5- Supramolecular Emulsifiers in Biphasic Catalysis
Hydroformylated triglycerides are of interest because they find application in the synthesis of plasticizers, polymers, and lubricants. We found that the C=C double bonds of triglycerides can be readily converted into aldehydes using an aqueous biphasic system for which an organometallic Rh complex is retained within the aqueous compartment. The triglycerides drive their own conversion because of the transient formation of surface active CD/triglyceride supramolecular complexes during the course of the reaction. Upon stirring, the CD/triglyceride supramolecular complex acts as a self-emulsifier that significantly increases the surface area between the triglyceride organic phase and the catalyst-containing aqueous phase. Because hydroformylated triglycerides do not interact with CDs, the product and the catalyst can be recovered separately by simple decantation once the reaction is complete.

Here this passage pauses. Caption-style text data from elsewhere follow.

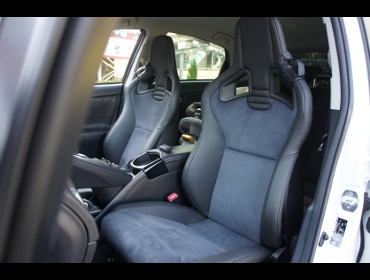 RECARO�i���J���V�[�g�j�@TOYOTA�@�v���E�XG's�@Z-30�Ƀ��J���@�N���X�X�|�[�c�X�^�[�~2�r�@����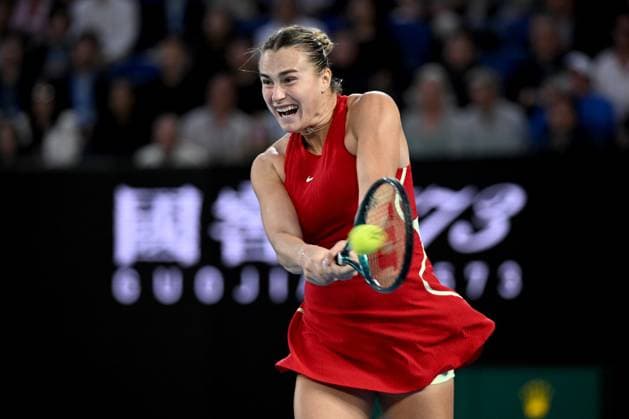 TENNIS AUSTRALIAN OPEN, Aryna Sabalenka of Belarus in action during her Women?s Singles Final against Qinwen Zheng of China on Rod Laver Arena on Day 14 of the 2024 Australian Open at Melbourne Park in Melbourne, Thursday, January 25, 2024. ( NO ARCHIVING, EDITORIAL USE ONLY, NO USE IN BOOKS WITHOUT CONSENT MELBOURNE VICTORIA AUSTRALIA  Copyright: xJOELxCARRETTx 20240127001894222864
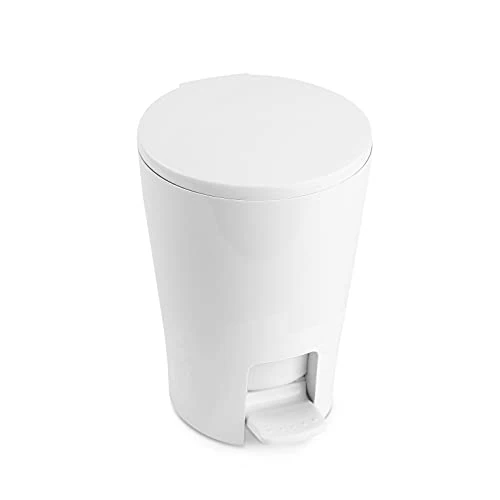 Limited-time offer: TATAY Bathroom Bin with Pedal Diabolo 5L | Inner Bucket with Handle | Practical and Easy-to-Clean Design | Made from Highly Resistant Materials | 19 x 21 x 28.2 cm – White from 11.49 £ to 11.49 £ (save 0.00%)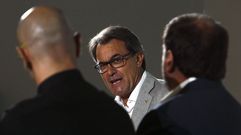 Artur Mas, de frente, con Ral Romeva y Oriol Jonqueras, de espaldas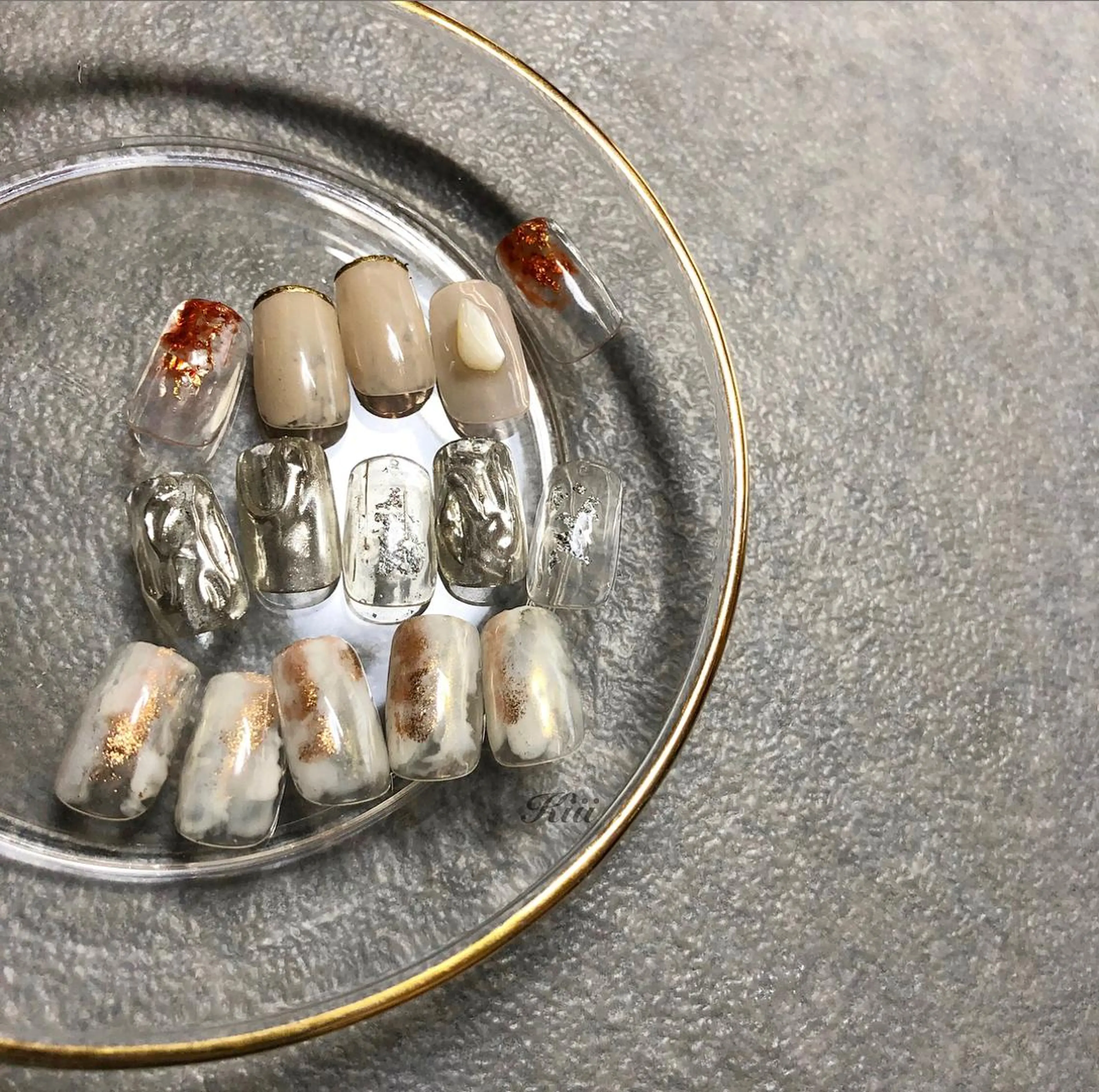 ネイル ハンドネイル フットネイル kiii.__ ✴︎*のネイルデザイン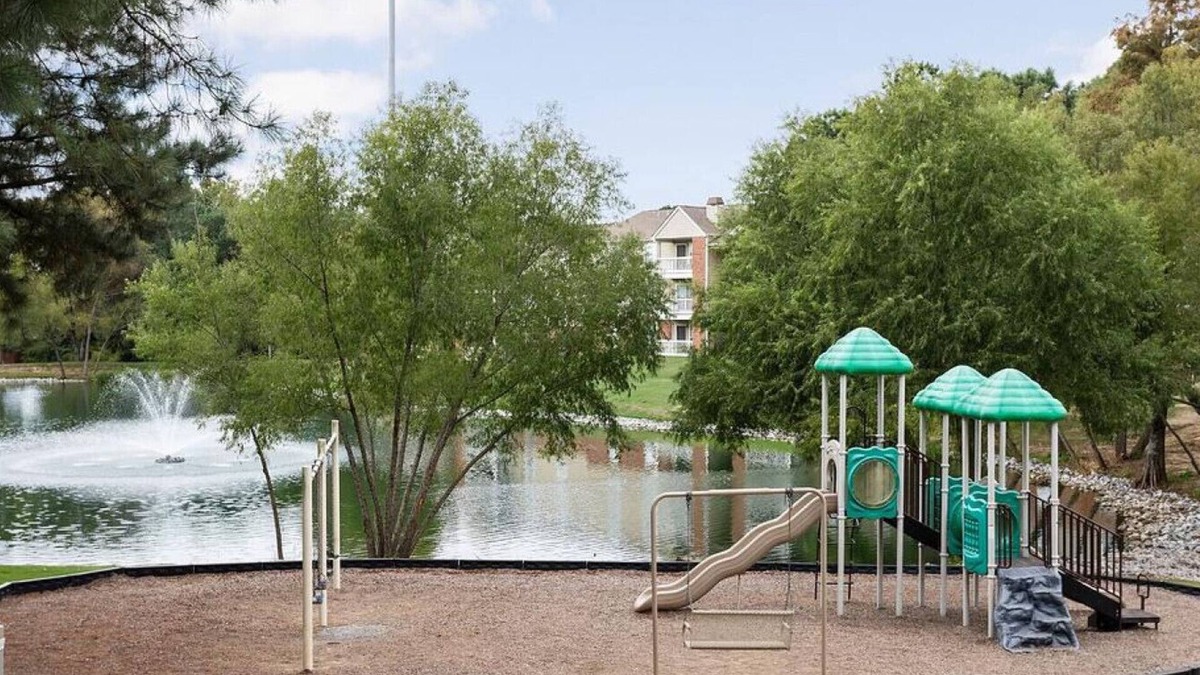Cordova Apartment | Landing at Stonebridge Crossing Apartment Homes - 3 Bedrooms in Downtown Cordova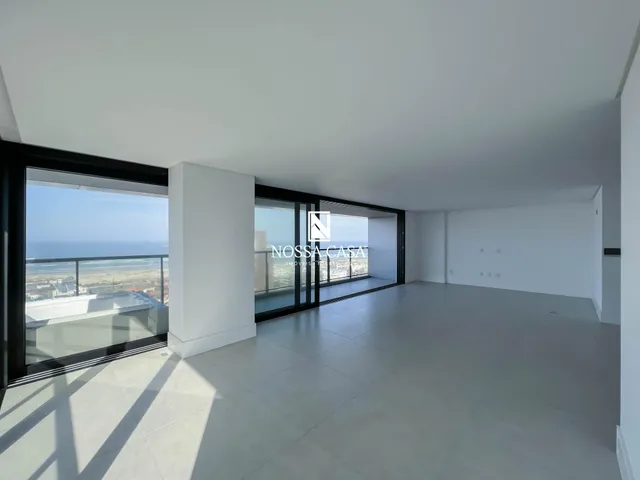 Apartamento de 04 suítes no Ed. Vitra na Praia Grande em Torres/RS.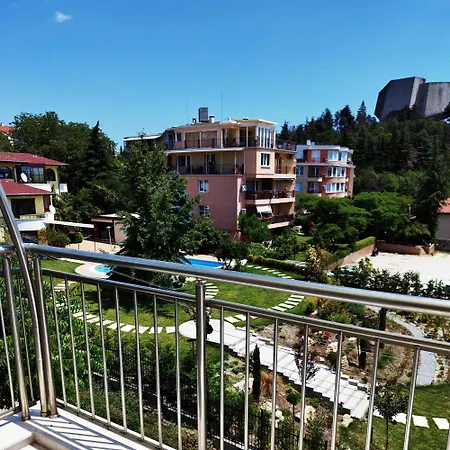 Apartman Peaceful Three-bedroom In Briz, By Flat Mаnаger Várna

6- Synthesis and catalysis under mechanochemical conditions
Through hydrophobic effects at the solid state, α-, β-, and γ-CDs were modified on their challenging secondary face by mechanosynthesis at room temperature using a laboratory scale ball-mill. Mono-(2,3-manno-epoxide) α-, β-, and γ-CDs were subsequently synthesized by ball-milling a mixture of monotosylated α-, β-, and γ-CDs, respectively, and KOH.

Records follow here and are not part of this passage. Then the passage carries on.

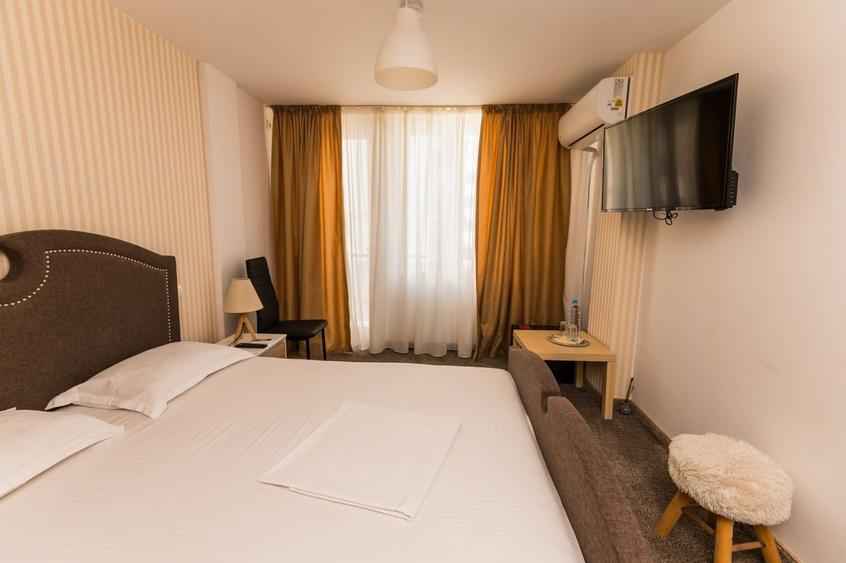 Casă cu 4 camere cu Teren 555 Mp în Central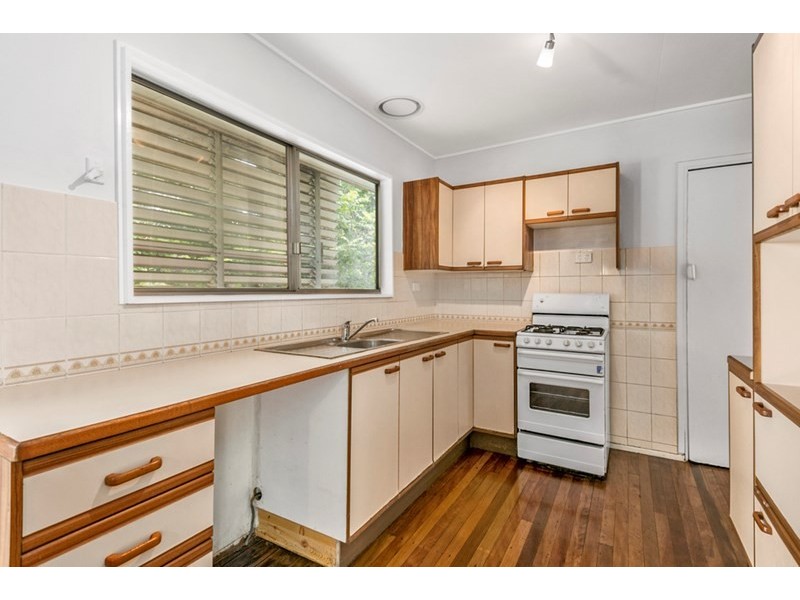 17 Arkindale Street, Nathan QLD 4111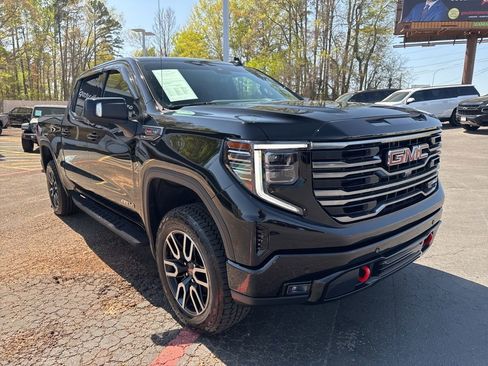 Used 2025 GMC Sierra 1500 AT4 w/ AT4 Premium Package AWD/4WD image 4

Mechanochemistry also proves effective for Greener Paal-Knorr pyrrole synthesis. Relative to traditional Paal–Knorr methodologies, various N-substituted pyrroles were obtained in very short reaction times. By reaction with unreactive diketones, desymmetrized aliphatic and aromatic compounds were also synthesized.
We also explore the role of CDs and other saccharide additives in the mechanosynthesis of gold nanoparticles (AuNPs) and their use as catalysts in the reduction of substituted nitrobenzene derivatives into their corresponding aniline products. CDs not only allow for the stabilization of the AuNPs but also help diffuse a substrate within a solid mixture via supramolecular means, and orient the chemical reaction to the selective formation of aniline derivatives. the catalytic system could be recycled over three consecutive runs without significant loss in activity, thus highlighting the efficacy of the combination of mechanochemistry, supramolecular chemistry, and catalysis.